Hat von Euch jemand einen Tipp?

Gruß

Albrecht


----------



## Sickgirl (15. November 2010)

Hallo Albrecht,

ich würde die Schuhe noch eine Nummer größer kaufen.

Ich habe normal Größe 39, Radschuhe in 40 und habe meine Winterstiefel in Größe 41 gekauft. Ich hatte vorher welche in 40 aber da war es sehr eng mit den dicken Wandersocken. Jetzt 41 ist perfekt, die Zehen haben noch gut Platz und sind so schön warm.

Ich habe einen Northwave, den gibt es hier: http://www4.hibike.de/shop/product/p2a42c45bb4f6552026ceb8c3fd2836fe/sSfd58bcf4cef7b18eeb21a0e44d3c9311/Northwave-Celsius-Arctic-GTX-MTB-Winter-Schuhe-black-Winter-10-11.html in Größe 37.
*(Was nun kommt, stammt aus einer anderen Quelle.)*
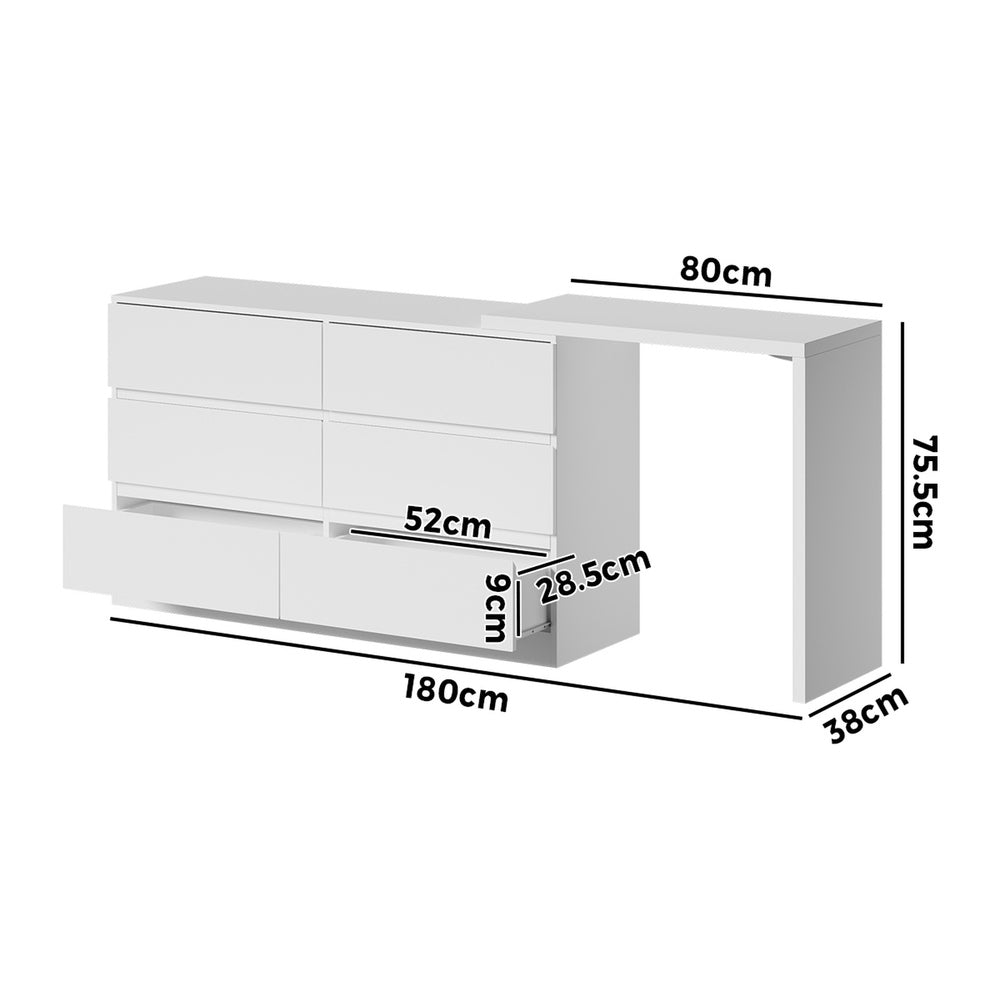 Oikiture 6 Chest of Drawers Dresser with Side Table White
Ich würde mir den mal schicken lassen und wirklich mit den dicksten Socken anprobieren.

Gruß
Ulrike


----------



## MTB-News.de




----------



## Silvermoon (15. November 2010)

Hi,

großer Tipp für kleine Füße: *Defroster MTB von Specialized* (gibt es ab Größe 36), halten warm und trocken. Kann ich nur wärmstens empfehlen , weil ich auch auf kleinem Fuße lebe und seit 2 Jahren mit den Schuhen prima durch den Winter komme.
und wenn deine Frau Größe 35 hat sind die doch optimal. Warme Socken noch - fertig!
Noch was am Schluss: Die Defroster sind auch relativ schmal geschnitten, denke das kommt deiner Frau auch super entgegen.


----------



## Veloce (15. November 2010)

Ich  fahre mit Schuhgröße 36  Shimano MTB Winterschuhe Gr 39 mit normalen Socken . Geniale Schuhe .
Regulär paßt mir bei Shimano und Spezi Gr 37 .


----------



## JarJarBings (16. November 2010)

also ich hab auch normal 38 und fahre mtb schuhe von shimano in größe 40. shimano ist eh schmal und klein und mit dicken socken und heizsohle brauchts einfach mehr größe.


----------



## blutbuche (16. November 2010)

für cleats oder flats ?????


----------



## mtbbee (16. November 2010)

leider kommen die kleinen Größen erst wieder Anfang Dezember ... bin mit dem *Shimano SH-MT91 Touring Schuh* sehr zufrieden. Gibts auch ab Größe 38. Fahre ihn selbst in 39 bei Größe 37.


----------



## lieblingsschaf (17. November 2010)

Moin!

Ich nehm die Variante 1 Nr. größer und die dicken Seal Skinz rein. Hält wunderbar warm.

LG
Das Schaf


----------



## barbarissima (17. November 2010)

Wenn deine Frau ohne Cleats fährt, dann empfehle ich Winterwanderstiefel. Ich habe diese hier und den ganzen Winter warme, trockene Füße


----------



## Nevibikerin (17. November 2010)

Kauf dir lieber Heizsohlen wie z.B. von Hotronic. ( gabe es auch die letzten Jahre immer bei Tchibo) ist das Beste gegen kalte Füße.


----------



## blutbuche (19. November 2010)

....weiss immer noch net , ob mit cleats oder per flat pedal unterwqegs ...????
@bärbel : ist die sohle wirklich  "biegsam" genug , um auf den pins halt zu finden ??? gruss, k.


----------



## MTB-News.de




----------



## alge54 (19. November 2010)

Hallo Blutbuche,

meine Frau fährt mit Cleats.

Vielen Dank für Eure Antworten!

Gruß

Albrecht


----------



## Yossarian (28. November 2010)

Bei Cleats und langen Fahrten bei unter 0° gibts nur 2 Möglichkeiten (Winterschuhe vorausgesetzt):
1. Schuhheizung
2. Gehpausen, nach 5 Gehminuten sind auch Eisfüße wieder warm


----------



## Hummelbrumm (28. November 2010)

blutbuche schrieb:


> ....weiss immer noch net , ob mit cleats oder per flat pedal unterwqegs ...????
> @bärbel : ist die sohle wirklich  "biegsam" genug , um auf den pins halt zu finden ??? gruss, k.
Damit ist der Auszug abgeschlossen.